BRIEF :: Print, please, exactly the lines from the one with "cflo Rochie Violet" through the final line of the data below, with both ends included and the pictures left out.

SUPPLIED MATERIAL ::
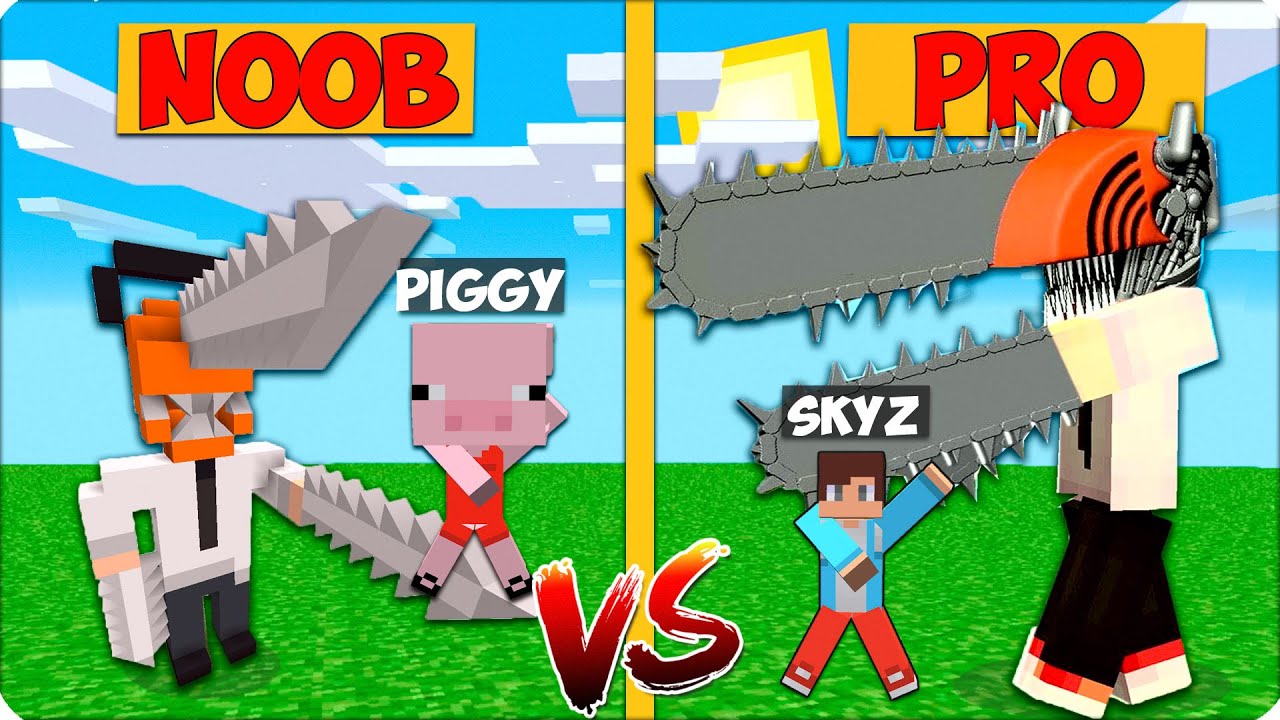 🧟&zwj;♂️CHAINSAW MAN STATUE BUILD CHALLENGE NOOB vs PRO Minecraft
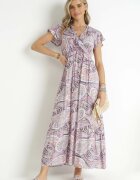 cflo Rochie Violet din Viscoză cu Model Etnic cu Elastic în Talie Munira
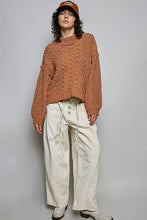 Load image into Gallery viewer, Pol Clothing - Mock Neck Balloon Sleeve Cable Knit Pullover Sweater : Black

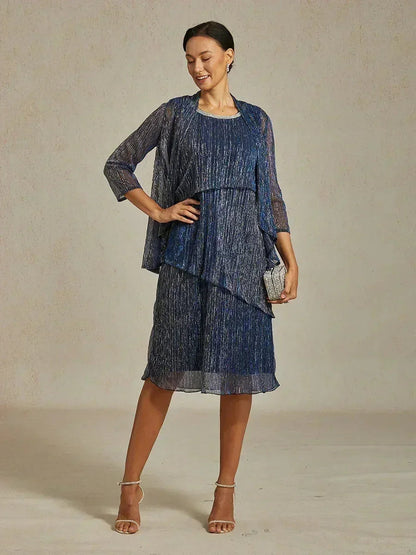 Metallic Pleated Chiffon Long Jacket Dress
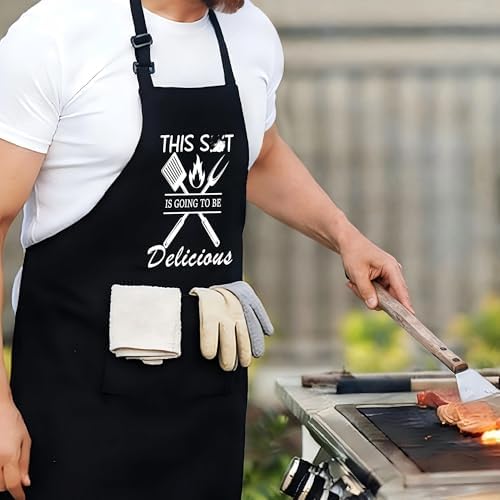Funny Aprons For Men, Father's Fathers Day Kitchen Gifts For Dad Father Daddy - Image 3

TASK SOLUTION ::
 cflo Rochie Violet din Viscoză cu Model Etnic cu Elastic în Talie Munira
 Load image into Gallery viewer, Pol Clothing - Mock Neck Balloon Sleeve Cable Knit Pullover Sweater : Black

 Metallic Pleated Chiffon Long Jacket Dress
Funny Aprons For Men, Father's Fathers Day Kitchen Gifts For Dad Father Daddy - Image 3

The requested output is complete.